Samaritan’s Purse, a Christian non-profit organization focusing on humanitarian aid, has been in the community of Merritt since November’s flooding offering mostly volunteer administered cleanup and sanitization of flood affected properties. Now the organization is moving into recovery mode, the next step of their response plan.
“We kind of divide it into phases of a disaster, similar to what emergency management uses, including mitigation, preparedness, response, and recovery. It’s a circular approach. After response, which would be the phase of cleaning out and getting homes prepped for restoration and rebuild, recovery is a more long-term process,” said Steve Gross, National Recovery Manager for Samaritan’s Purse’s Canadian arm.
Merrittonians may remember seeing the Samaritan’s Purse parked alongside Crossroads Church on Voght Street during the organization’s stay in the community. Along with a plethora of sanitization and clean-up equipment, over 400 volunteers kept busy supporting up to 70 households during the initial “response” phase.
“Our involvement so far has been during the response phase. We were there doing some of the home clean outs, and some of the sanitizing work after. We’re always sure to sanitize after so that no mold or bacteria grow beyond the event once the home is cleaned out.”
Gross added that while the response phase mainly focuses on infrastructure, the recovery phase has begun and will concentrate resources on the people aspect of things. The organization works as a support system for those navigating the flood recovery process.
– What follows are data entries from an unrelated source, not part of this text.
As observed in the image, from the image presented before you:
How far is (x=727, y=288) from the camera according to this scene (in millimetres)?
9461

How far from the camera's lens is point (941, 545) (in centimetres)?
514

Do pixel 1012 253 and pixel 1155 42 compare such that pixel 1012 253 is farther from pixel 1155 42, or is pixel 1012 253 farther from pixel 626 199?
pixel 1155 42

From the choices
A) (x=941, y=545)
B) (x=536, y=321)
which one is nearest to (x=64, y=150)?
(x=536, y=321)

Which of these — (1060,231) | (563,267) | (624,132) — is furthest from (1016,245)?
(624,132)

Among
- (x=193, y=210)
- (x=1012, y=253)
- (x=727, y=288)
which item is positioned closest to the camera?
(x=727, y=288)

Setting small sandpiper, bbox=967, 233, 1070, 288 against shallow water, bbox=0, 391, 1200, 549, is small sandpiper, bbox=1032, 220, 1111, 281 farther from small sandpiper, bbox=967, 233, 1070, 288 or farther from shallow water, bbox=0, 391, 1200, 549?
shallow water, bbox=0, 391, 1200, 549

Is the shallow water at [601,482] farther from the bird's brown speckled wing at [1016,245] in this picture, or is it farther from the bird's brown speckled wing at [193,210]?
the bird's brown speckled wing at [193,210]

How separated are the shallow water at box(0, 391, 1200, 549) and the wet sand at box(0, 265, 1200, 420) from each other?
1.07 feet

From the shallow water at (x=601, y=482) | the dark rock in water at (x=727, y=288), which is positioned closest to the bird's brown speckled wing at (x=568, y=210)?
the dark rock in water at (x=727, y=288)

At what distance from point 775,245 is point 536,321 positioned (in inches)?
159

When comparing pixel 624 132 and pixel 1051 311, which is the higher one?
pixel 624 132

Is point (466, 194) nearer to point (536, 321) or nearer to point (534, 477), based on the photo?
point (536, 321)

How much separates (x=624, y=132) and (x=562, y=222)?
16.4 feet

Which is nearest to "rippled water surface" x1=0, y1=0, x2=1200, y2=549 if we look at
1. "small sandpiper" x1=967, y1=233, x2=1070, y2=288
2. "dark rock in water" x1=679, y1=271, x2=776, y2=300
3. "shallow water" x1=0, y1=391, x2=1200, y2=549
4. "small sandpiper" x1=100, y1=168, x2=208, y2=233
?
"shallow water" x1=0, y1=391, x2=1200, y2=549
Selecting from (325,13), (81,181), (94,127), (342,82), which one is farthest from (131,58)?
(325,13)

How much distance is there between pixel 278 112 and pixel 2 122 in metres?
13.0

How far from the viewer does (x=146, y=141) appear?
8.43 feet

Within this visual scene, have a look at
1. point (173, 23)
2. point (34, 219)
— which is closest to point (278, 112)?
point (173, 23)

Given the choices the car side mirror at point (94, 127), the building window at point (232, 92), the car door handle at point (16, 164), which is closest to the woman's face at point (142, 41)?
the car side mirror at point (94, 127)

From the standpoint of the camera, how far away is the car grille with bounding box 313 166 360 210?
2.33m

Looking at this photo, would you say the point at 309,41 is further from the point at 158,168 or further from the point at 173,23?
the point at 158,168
“We act as a bit of a convener of resources. We take an asset-based community development approach. So what assets does the homeowner have, what assets are in the community? Now, how do we help them access those resources in a timely fashion?”
Filling the gaps in service and resources in the community will build resiliency and increase preparedness and capacity for response, with the timing of services being key in delivering them effectively.
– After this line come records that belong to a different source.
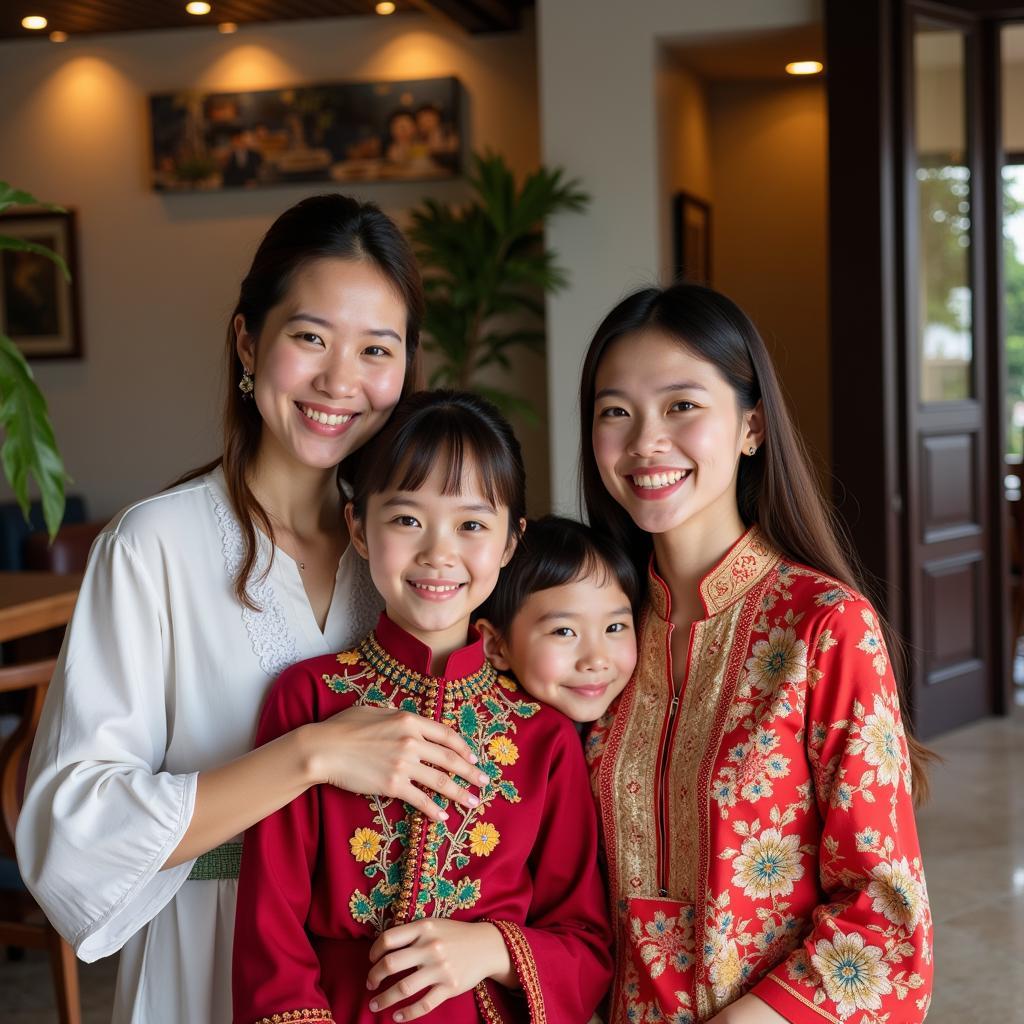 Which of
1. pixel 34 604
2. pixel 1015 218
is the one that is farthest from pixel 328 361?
pixel 1015 218

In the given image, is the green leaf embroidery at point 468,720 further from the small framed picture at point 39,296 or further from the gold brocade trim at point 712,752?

“We actually have two staff there right now, and the plan is to have them there for three years. It’s a long term process. Many people try to self recover and they think other people have it other than they do. Often it’s a year or 18 months down the road before they realize they just cannot go any further on their own. By then, most of the helping agencies have left town.”
Gross and the organization hope to build relationships with the locals over their three year recovery phase stay, and look to assure Merrittonians that no one is alone.
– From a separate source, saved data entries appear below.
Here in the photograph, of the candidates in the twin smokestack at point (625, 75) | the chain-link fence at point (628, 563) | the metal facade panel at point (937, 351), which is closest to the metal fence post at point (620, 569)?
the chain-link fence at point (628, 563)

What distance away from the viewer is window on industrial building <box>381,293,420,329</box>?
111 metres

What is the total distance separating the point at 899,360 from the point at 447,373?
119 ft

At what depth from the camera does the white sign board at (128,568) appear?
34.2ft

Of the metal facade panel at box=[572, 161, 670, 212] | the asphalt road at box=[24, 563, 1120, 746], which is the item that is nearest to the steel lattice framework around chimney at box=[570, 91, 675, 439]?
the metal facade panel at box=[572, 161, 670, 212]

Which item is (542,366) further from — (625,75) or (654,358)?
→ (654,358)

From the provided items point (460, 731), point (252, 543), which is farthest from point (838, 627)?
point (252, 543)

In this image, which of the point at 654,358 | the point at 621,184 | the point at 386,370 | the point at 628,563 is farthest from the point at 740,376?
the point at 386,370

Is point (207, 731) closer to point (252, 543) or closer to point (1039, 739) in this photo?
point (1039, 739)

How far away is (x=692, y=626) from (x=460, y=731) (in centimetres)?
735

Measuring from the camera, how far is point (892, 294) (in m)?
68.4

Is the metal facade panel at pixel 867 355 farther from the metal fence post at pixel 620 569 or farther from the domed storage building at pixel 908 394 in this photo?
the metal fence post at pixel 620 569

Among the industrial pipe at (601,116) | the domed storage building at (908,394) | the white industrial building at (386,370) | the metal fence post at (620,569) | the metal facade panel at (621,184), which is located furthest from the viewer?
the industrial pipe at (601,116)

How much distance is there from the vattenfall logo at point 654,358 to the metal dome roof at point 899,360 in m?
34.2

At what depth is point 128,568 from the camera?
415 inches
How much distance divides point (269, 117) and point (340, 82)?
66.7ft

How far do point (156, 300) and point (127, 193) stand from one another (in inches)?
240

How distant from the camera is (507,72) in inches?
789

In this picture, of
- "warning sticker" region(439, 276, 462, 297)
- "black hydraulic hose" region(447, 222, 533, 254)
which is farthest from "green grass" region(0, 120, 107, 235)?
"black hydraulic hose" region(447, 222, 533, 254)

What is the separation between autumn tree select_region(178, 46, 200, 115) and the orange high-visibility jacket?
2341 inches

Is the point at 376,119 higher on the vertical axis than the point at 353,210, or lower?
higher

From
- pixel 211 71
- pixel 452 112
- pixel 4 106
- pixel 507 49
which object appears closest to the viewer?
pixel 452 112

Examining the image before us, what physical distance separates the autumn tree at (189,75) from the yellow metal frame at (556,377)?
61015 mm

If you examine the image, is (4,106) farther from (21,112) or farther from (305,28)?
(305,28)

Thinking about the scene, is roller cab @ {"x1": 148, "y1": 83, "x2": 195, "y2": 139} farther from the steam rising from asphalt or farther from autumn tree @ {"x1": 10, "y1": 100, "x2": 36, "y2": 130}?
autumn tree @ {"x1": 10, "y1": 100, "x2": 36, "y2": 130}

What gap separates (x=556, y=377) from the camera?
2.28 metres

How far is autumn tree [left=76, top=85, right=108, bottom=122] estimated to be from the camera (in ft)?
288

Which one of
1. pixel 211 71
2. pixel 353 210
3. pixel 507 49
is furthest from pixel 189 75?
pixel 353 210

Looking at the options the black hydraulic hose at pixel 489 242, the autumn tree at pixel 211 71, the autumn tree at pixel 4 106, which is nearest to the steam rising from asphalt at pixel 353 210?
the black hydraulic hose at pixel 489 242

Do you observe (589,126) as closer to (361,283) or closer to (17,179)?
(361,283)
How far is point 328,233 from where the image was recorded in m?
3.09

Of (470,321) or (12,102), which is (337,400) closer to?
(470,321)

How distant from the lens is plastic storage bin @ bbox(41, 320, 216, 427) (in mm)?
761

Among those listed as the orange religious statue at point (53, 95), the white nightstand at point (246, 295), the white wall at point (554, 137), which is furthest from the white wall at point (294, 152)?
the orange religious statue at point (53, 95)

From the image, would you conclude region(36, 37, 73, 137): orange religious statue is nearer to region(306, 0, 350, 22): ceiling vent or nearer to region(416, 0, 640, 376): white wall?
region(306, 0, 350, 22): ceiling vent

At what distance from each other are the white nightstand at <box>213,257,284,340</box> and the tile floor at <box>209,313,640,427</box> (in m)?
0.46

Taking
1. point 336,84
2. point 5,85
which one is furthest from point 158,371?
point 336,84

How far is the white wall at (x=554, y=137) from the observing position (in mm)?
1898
“We’re able to help people without judging any of the past decisions they’ve made or the decisions they’re making now. What I’ve learned over six years of doing this is that recovery is very much a process, not an event.”
Samaritan’s Purse case managers look to provide guidance and improve comprehension and awareness of one’s own assets, as well as those available to them. They are non-discriminatory, and will work with anyone in any flood-affected situation.
Gross has a more personal connection with the community, having been raised in Merritt. Leaving the community in 1981, other members of his family still remain residents. He praised the community for its resilience.
“Our intent is to work ourselves out of a job,” joked Gross. “We’re not looking at this as a long term engagement, but we want to make sure we leave some capacity behind, because that’s where resiliency comes from in major events.”